┌──
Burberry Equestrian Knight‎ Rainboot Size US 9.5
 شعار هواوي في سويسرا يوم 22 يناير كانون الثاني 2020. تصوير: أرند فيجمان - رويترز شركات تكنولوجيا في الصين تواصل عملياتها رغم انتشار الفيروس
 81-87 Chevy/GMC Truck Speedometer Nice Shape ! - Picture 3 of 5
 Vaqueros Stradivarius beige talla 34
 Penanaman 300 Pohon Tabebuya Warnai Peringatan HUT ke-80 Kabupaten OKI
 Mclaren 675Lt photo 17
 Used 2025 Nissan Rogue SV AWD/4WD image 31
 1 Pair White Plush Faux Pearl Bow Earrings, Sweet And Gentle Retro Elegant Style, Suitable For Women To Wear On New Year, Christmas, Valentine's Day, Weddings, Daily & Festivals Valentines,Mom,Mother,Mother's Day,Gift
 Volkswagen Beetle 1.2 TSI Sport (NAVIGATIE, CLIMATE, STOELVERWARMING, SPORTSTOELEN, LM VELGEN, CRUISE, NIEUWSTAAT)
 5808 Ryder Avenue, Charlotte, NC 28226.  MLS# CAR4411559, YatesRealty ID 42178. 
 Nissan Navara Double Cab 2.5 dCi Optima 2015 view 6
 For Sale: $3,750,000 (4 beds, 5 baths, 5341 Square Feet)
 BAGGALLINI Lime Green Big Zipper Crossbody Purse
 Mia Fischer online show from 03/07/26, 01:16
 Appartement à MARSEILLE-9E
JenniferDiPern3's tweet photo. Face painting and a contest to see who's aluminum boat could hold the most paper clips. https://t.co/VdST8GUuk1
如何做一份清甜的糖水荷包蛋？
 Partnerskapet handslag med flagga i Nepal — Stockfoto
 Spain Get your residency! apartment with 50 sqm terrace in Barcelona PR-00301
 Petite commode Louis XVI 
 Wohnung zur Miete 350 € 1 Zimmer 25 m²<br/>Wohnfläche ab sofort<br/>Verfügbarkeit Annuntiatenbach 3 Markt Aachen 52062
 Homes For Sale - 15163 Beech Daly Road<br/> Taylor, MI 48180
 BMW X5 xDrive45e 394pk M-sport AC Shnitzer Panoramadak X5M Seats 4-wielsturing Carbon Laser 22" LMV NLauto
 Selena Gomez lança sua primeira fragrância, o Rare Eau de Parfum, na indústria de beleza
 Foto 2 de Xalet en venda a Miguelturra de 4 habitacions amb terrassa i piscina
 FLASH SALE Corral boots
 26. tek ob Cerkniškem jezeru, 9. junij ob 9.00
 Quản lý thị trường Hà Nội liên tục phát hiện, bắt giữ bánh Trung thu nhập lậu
└──
» DESCRIPTION OF THE TASK:
Your answer should be one number, the count of lines in the entries holding the string "photo".

» RESPONSE FOR THIS EXERCISE:
2